MOONLIGHT is structured classically as a three act play:  Little. Chiron. Black.  Chiron by birth, his friend Kevin nicknames him Black—the significance is never revealed but it does fit the internalization of Chiron’s emotions.  Between the bullies at school and the bully of a crack-addicted mother at home, Paula (Naomie Harris), Little avoids conversation, except with Kevin and Teresa.

In the second act, Chiron (Ashton Sanders) continues to struggle with concentrating in class while others bully him, particularly a much larger boy, Terrel (Patrick Decile).  Without spoiling this pivotal middle chapter, I call your attention to the next morning.  Chiron, incensed, enters the school.  Note his clenched left fist and deliberate pace.

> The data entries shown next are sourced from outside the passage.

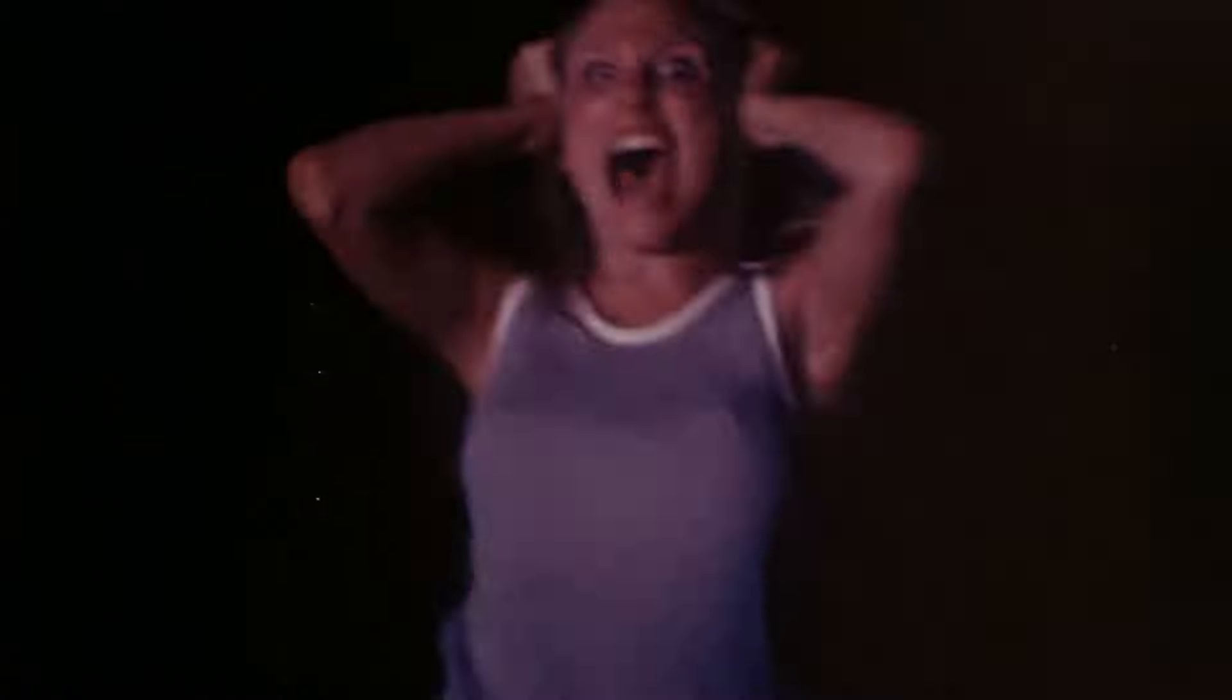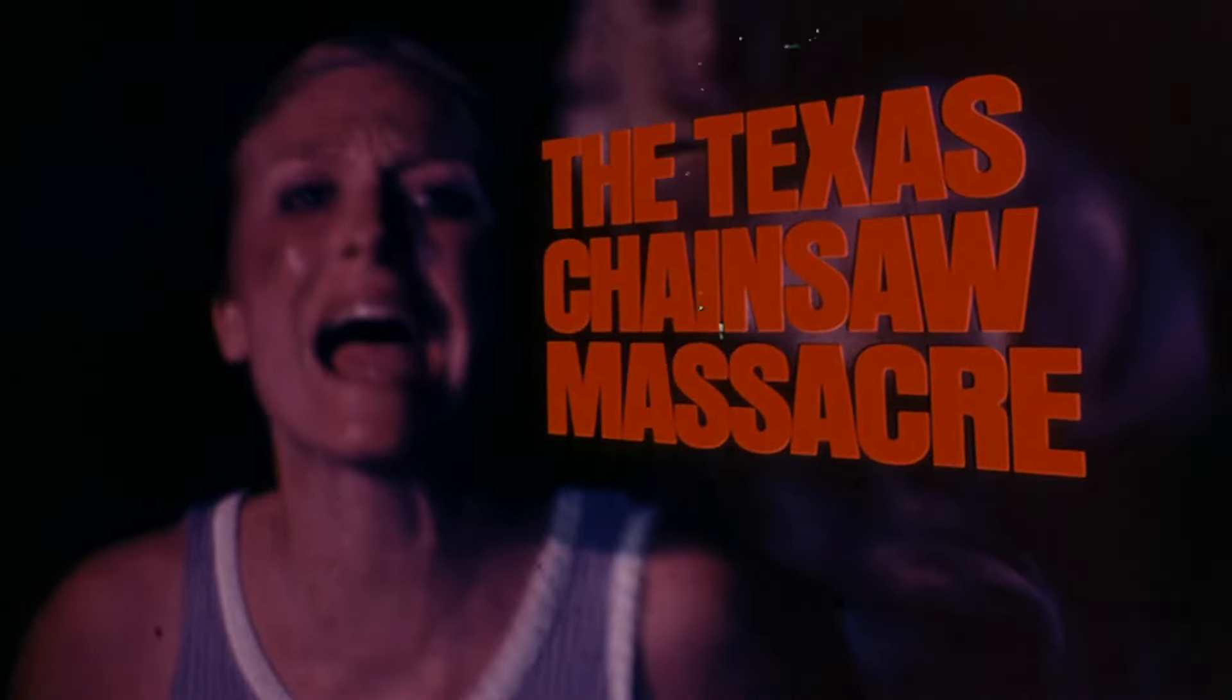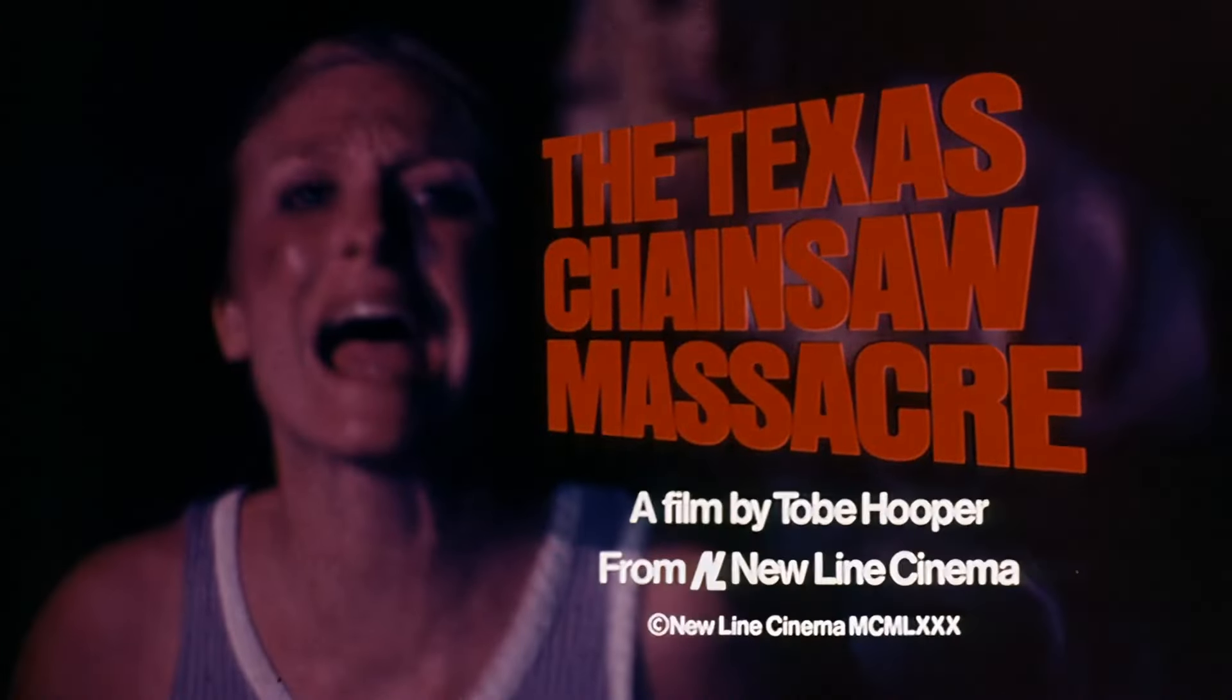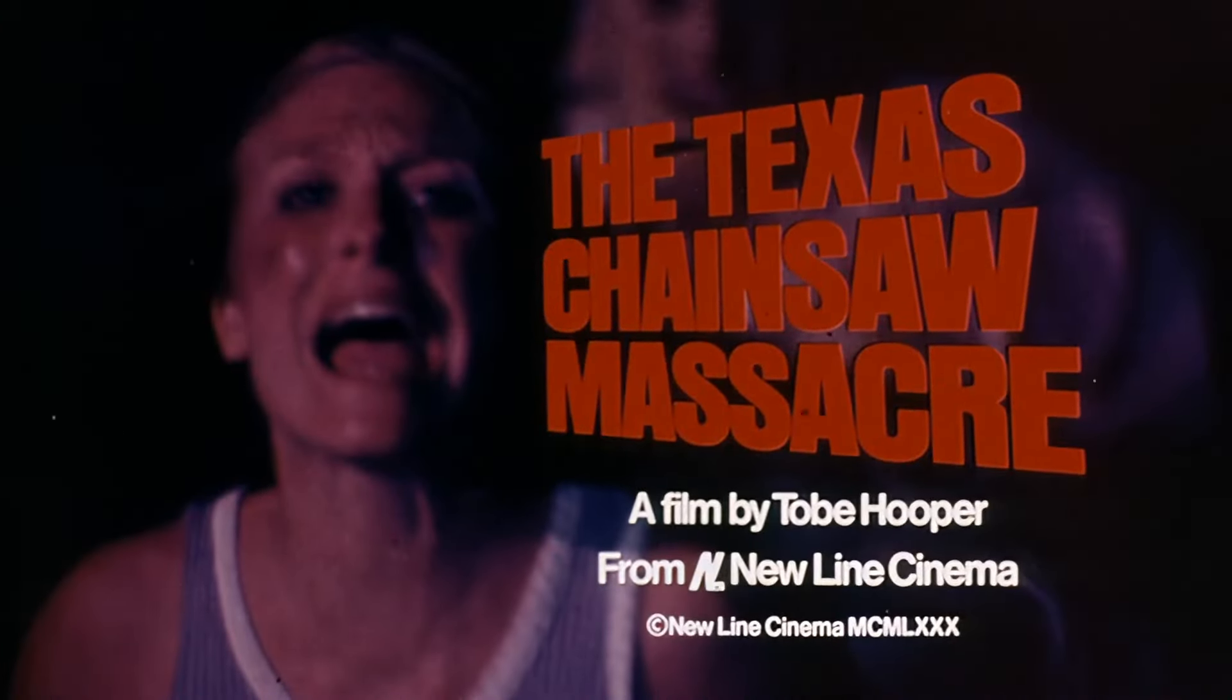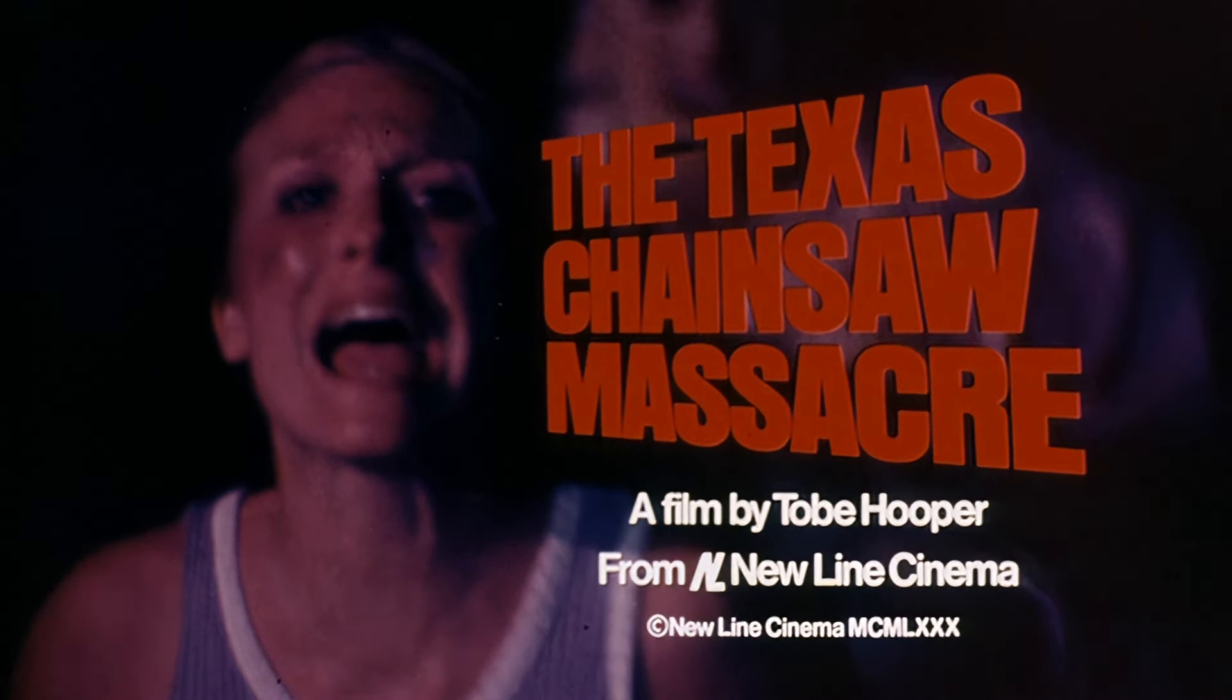This is the movie Rex Reed called The Most Horrifying Motion Picture I Have Ever Seen. The Texas Chainsaw Massacre. From New Line Cinema.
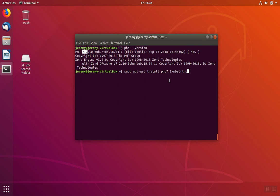So the syntax for our particular library was php7.2-mbString.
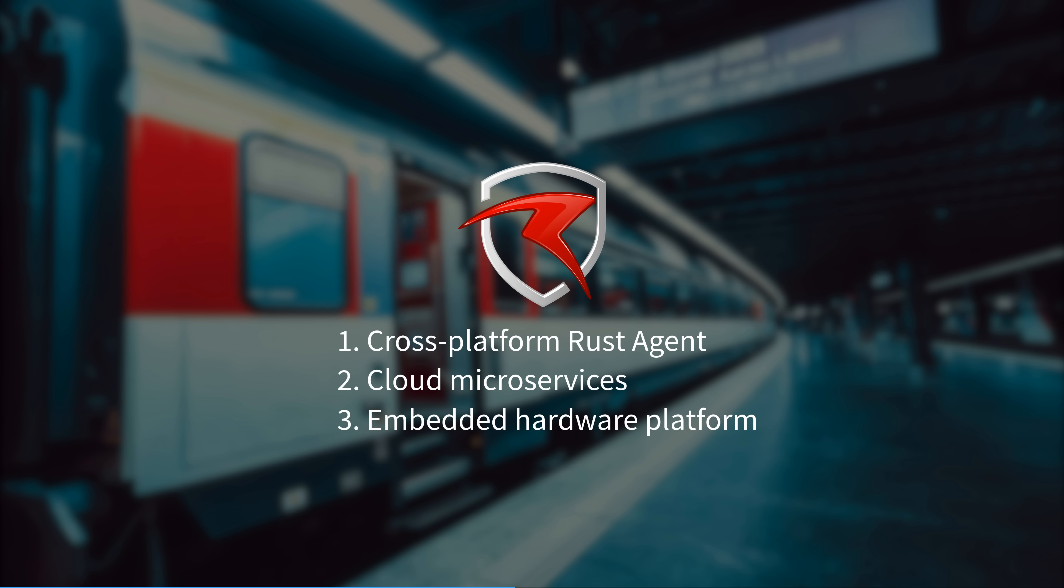Razer Secure is a 50-person startup bringing cutting-edge security tech to the rapidly advancing world of rail. They do this through a Rust intrusion detection and monitoring agent running on board, a cloud environment running Kubernetes, Python microservices, and event-based data processing, and a Yocto hardware platform running custom-embedded Linux. Their team and customers span Europe and North America, so if you have taken a train journey here, then Razer Secure's security systems may have already kept you safe.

When we meet the adult Chiron (Trevante Rhodes) in the third act, he’s embraced Black by name, but not yet in mind and body.  It’s not a journey without an implied destination, but it’s how Jenkins gets us there that is of import.  Notice the crown atop his car’s dashboard.  He is his surrogate father’s son.

Representation has been at the center of the discussion for the past year since #OscarsSoWhite trended.  Earlier this week, DOCTOR STRANGE director Scott Derrickson made the rounds whitesplaining the tough choices (!) between typecasting an Asian “dragon lady” versus whitewashing the Asian character, as if it’s impossible to write an Asian character well and cast appropriately.  On Twitter I expressed curiosity why Derrickson never once thought to consult Asian filmmakers and resolve the situation, rather than screw it up and take the slap on the wrist.  At the other end of the artistic spectrum, Jenkins does the impossible: He informs the viewer about the impoverished black experience in America whilst representing the broader experience of the adolescent trying to become secure in his or her identity.

Jenkins accomplishes a feat of narrative genius.  The three stories of Little, Chiron, and Black, could exist separately as shorts.   As Rhodes informed us at the Q&A, the three principals never met on set and never discussed each others performances.  Their interpretations of the character come entirely from the script and directorial guidance.  Still, we see them as one person in different stages.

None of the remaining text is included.